Indirect Costs of a Breach

The true cost of a data breach is not so much in the breach itself as it is in the after effects that come from the breach. The Ponemon study reported that direct costs, costs related directly to containing and addressing the breach and its immediate effects, accounted for only one third of the total cost of a data breach. This means that two thirds of the costs were indirect! It is important that SMB customers understand that a data breach does not affect just their business systems, but can also have significant carryover effects in terms of business standing and future performance. Indirect costs can have a much greater effect on SMBs than on larger enterprise businesses.

 

Small Businesses are NOT Immune!

The Verizon 2014 Data Breach Investigation Report further illustrated the fact that small businesses are not immune from security breaches!

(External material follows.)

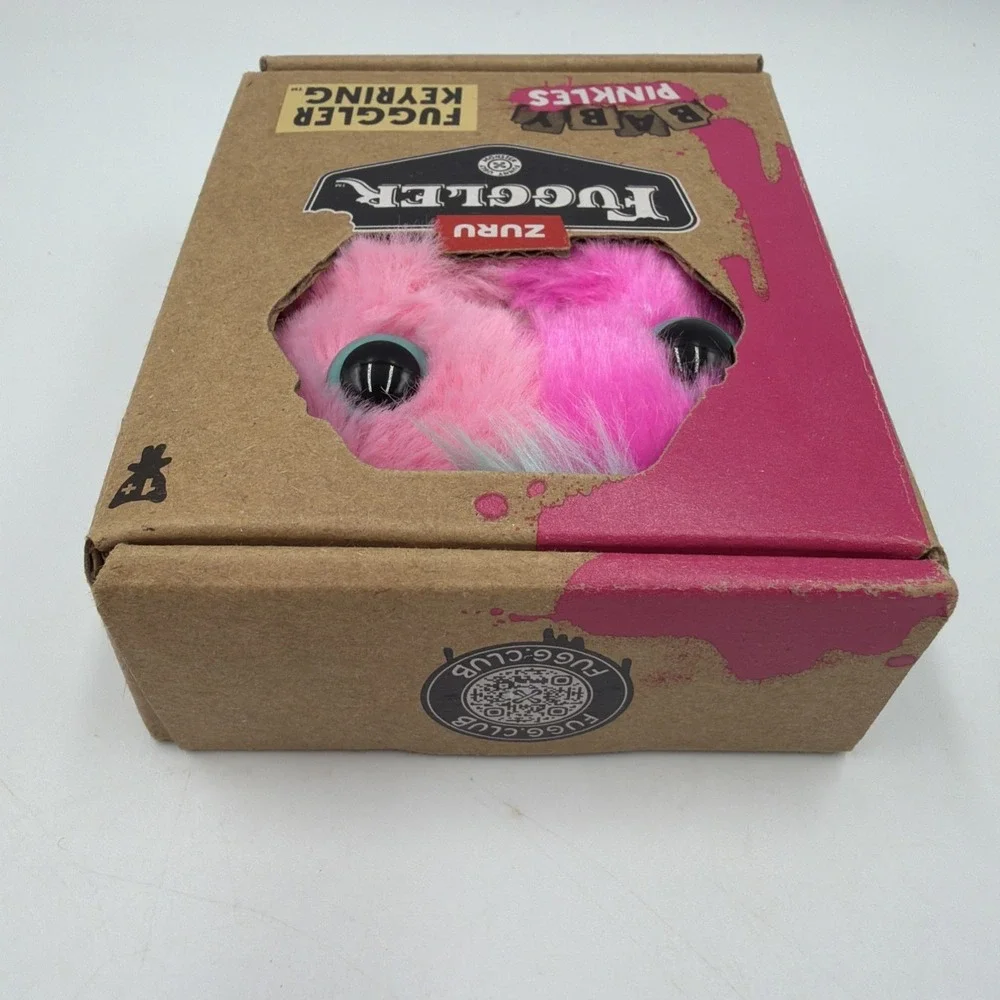 In Box Fuggler Baby Pinkles Pink Wide Eyed Screech Fugg 3.5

While large businesses are certainly targeted more frequently (reporting eight times the number of security incidents as small businesses) small businesses are nearly thirteen times more likely to suffer confirmed data loss as a result of a breach.

 

Another study that surveyed employers in the United Kingdom regarding security breaches, indicates that “[small businesses are] now experiencing incident levels previously only seen in larger organizations”. Fully 60% of small businesses had security breaches in the last year, and 12% detected successful penetrations of their networks.

 

Defensive Measures

While it is virtually impossible to defend against all data breaches, there are a few common sense security best practices your SMB customers can use to protect their businesses from the most common threats:

-          Stay current with system and security updates

-          Keep hardware up to date

-          Secure vulnerable entry points

-          Be vigilant, and train all staff to be vigilant, with online activity

-          Encrypt sensitive information

-          Conduct security reviews

 

Read our recent Coffee Coaching blog, Anatomy of a Breach, for more details on how your SMB customers can protect their business and data from security breaches and join the Coffee Coaching community on Facebook, Twitter, YouTube, and LinkedIn.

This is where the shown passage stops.